The second Decree begins with a declaration of neutrality towards civilian foreigners, but commands a campaign of extermination against native converts, unless they are willing to throw in their lot with the Imperialist side. The Boxers are called "Patriots," and the acts of violence committed in their name are provided for in advance by the allusion to robbers and banditti pretending to be "Patriots."

These Decrees are considered by local Chinese to imply a certain degree of weakening in Prince Tuan's power in the capital. On the other hand, the reports-which appear to be quite authentic-of the execution of two Tsung-li Yamên Ministers, Hsu Ching Chiêng and Yuan Ch'ang, clearly show that whether Prince Tuan's individual authority has or has not decreased, the capital is in a state of indescribable confusion, in which the anti-foreign party is absolutely predominant, and which renders the situation of foreigners there most dangerous. I have, &c.,

The Marquess of Salisbury.


(Inclosure 1.)-Imperial Decree of August 2, 1900.


WHEREAS on account of the recent troubles in the capital between the populace and missionaries and their converts, war has broken out between China and the foreign Powers;

And whereas all the Ministers of foreign countries resident in

Peking should be protected; the Prince and Ministers of the Tsung-li Yamên have frequently addressed to them letters of encouragement and inquiry, pointing out that in view of the disorder prevailing in Peking full measures of protection were difficult to carry out, and the Tsung-li Yamên therefore suggested that they should proceed under escort to Tien-tsin, where they could retire for the time being and avoid all cause for alarm:

We accordingly command the Grand Secretary Yung Lu to select reliable military and civil officers of high rank to escort the Ministers to Tien-tsin with an armed guard. When the Ministers have fixed a date for leaving Peking they shall be escorted with every care en route, and any attack upon them by banditti shall be rigorously punished, while no pains shall be spared to render their journey safe.

Before leaving Peking, each Minister shall, if he desires, communicate with his Government en clair, and the message shall be transmitted by the Tsung-li Yamên without any delay.

The good feeling of the Throne towards the strangers from afar will thus be apparent.

(Inclosure 2.)-- Imperial Decree of August 2, 1900.


DURING the present outbreak of hostilities between China and the Powers, the foreign merchants, Missions, &c., throughout the Empire must be considered as outside the sphere of hostilities.

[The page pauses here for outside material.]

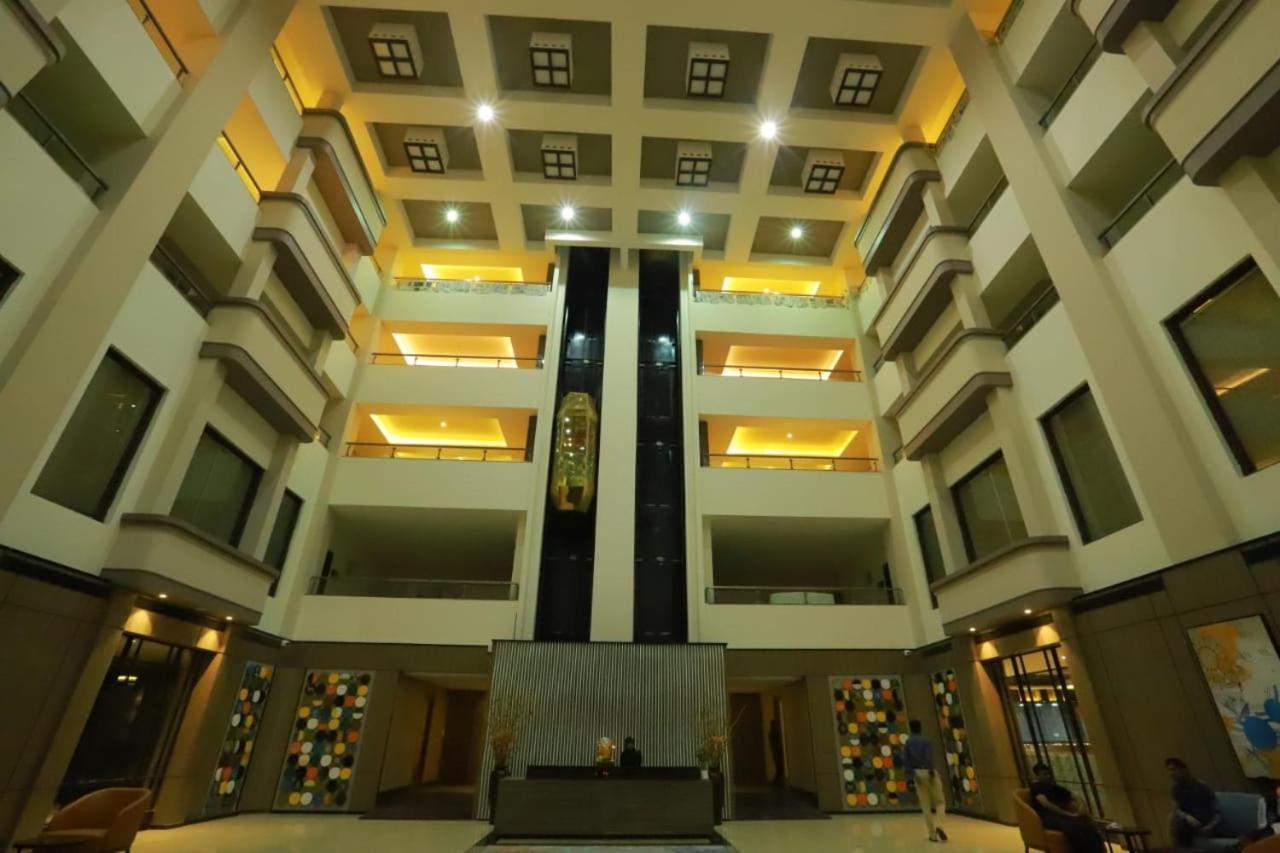 Grand Sarovar Portico, Latur 호텔 외부 사진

All Viceroys and Governors have, therefore, already been commanded to protect them as usual, and now that our troops are massing round Peking, all general officers marching with their forces towards the capital shall also respect this command, and make arrangements for the protection of all foreign merchants and missionaries, in order to assist the Throne in demonstrating its kindly feeling towards the strangers from afar.

With regard to native converts, these are also children of our State and of the same origin as ourselves; but since the troubles began between the "Ch'üan" (Boxers) and the Christians, the converts in many places have taken up defensive positions in their villages, intrenching themselves and throwing up earthworks to resist the Imperial troops. Such people as these are acting as rebels, and must absolutely be exterminated. However, if they repent, in fear of the punishment due to them, and adopt a new line of conduct, the net of destruction may be opened, and they may be allowed to escape.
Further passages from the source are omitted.